Cabaret è una tragi-commedia berlinese e Fosse ha saputo circondarsi di formidabili professionisti: Liza Minnelli esprime a meraviglia il sapore acidulo di una «divina decadenza»; Joel Grey e Goeffrey Unsworth. I fasti morbosi del musical trovano il loro contrappunto in un documento sociale di preciso realismo. Ricostruzione d’epoca di qualità incontestabile, Cabaret vinse molti Oscar: per la regia, l’interpretazione (Minnelli e Grey), la fotografia, la scenografia, il montaggio, la musica.
VOTO: 7,5

COTTON CLUB



Nel mitico Cotton Club, locale jazz degli anni Trenta frequentato nella realtà da artisti del calibro di Duke Ellington, Coppola ambienta questa storia di musica, amore e gangster: protagonista il cornettista Gere, unico bianco a cui viene concesso di esibirsi sul palco tra musicisti rigorosamente neri. Il film coglie il Cotton Club di Harlem negli anni del suo massimo splendore, fra il '28 e il '31, quando i negri non vi sono ammessi se non come cantanti, musicisti e camerieri, la bella società dei bianchi va ad applaudirvi Duke Ellington e le altre star del jazz, e i mafiosi usano i night come base di lancio dei loro delitti. Padrone del Cotton Club è Owney Madden, un piccoletto che ha per socio lo spilungone Frenchy. Tra gli assidui c'è «l'Olandese», che controlla il racket delle scommesse. La sera in cui, travestiti da poliziotti, i killers della banda nemica irrompono nel locale per ammazzarlo, a salvare la vita dell’olandese è Dixie Dwyer, un suonatore di cornetta. Per mostrargli la sua gratitudine, l'Olandese lo prende con sé, e ne arruola anche il fratello. Ma mentre quest'ultimo è subito utilizzato per i traffici più loschi, Dixie ha l'incarico di accompagnare e proteggere Vera, la pupa del gangster. Impresa rischiosa, perché Dixie e Vera si piacciono, e tuttavia compiuta da Dixie con zelo fin quando, stufo d'essere il servo dell'Olandese, si porta in casa la ragazza e se la gode. Il boss è nero dalla rabbia e promette vendetta, anche perché il fratello di Dixie si è a sua volta ribellato, ma nel frattempo Dixie grazie a Owney, il padrone del Cotton Club, ha fatto carriera a Hollywood e nella malavita è spuntato l'astro Lucky Luciano. Sarà proprio lui a far uccidere l'Olandese e prenderà il controllo del Cotton Club e Dixie e Vera decidono di scappare. Lietissimo fine ha anche la storia parallela di Sandman Williams, un ballerino negro di tip-tap che dopo aver fatto ingelosire il fratello col quale danzava è stato perdonato di essersi messo in proprio, e ha potuto coronare il gran sogno di sposare la cantante Lila Rose.

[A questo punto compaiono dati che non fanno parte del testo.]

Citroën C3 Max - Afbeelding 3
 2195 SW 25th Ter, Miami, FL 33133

Il film è un omaggio all'età del jazz: accuratissimo nella ricostruzione di luoghi e costumi e perfetta soprattutto la ricostruzione dell'epopea del gangsterismo newyorchese, riassunta nel nightclub leggendario in cui si ritrovarono fianco a fianco banditi e banchieri, divi e sgualdrine: anime perse in abito da sera.

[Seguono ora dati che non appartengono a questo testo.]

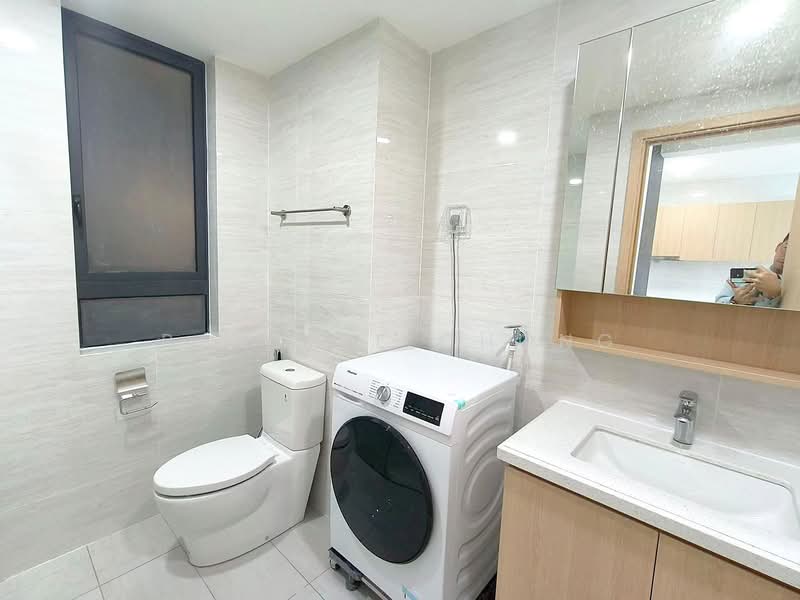 Service Residence for Rent at Aradia Residence @ Lake City KL North - Pauline Chong - PropertyGuru.com.my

Ottima prova di F. F. Coppola che ha dimostrato di poter girare film di diverso genere sempre con ottimi risultati. Sublime la prova attoriale di R. Gere che decide di non farsi doppiare da un cornettista di professione e si è dilettato con questo strumento. Ovviamente da applaudire la costumista del film che ha reso perfettamente la maniacalità dell'eleganza della moda dell'epoca.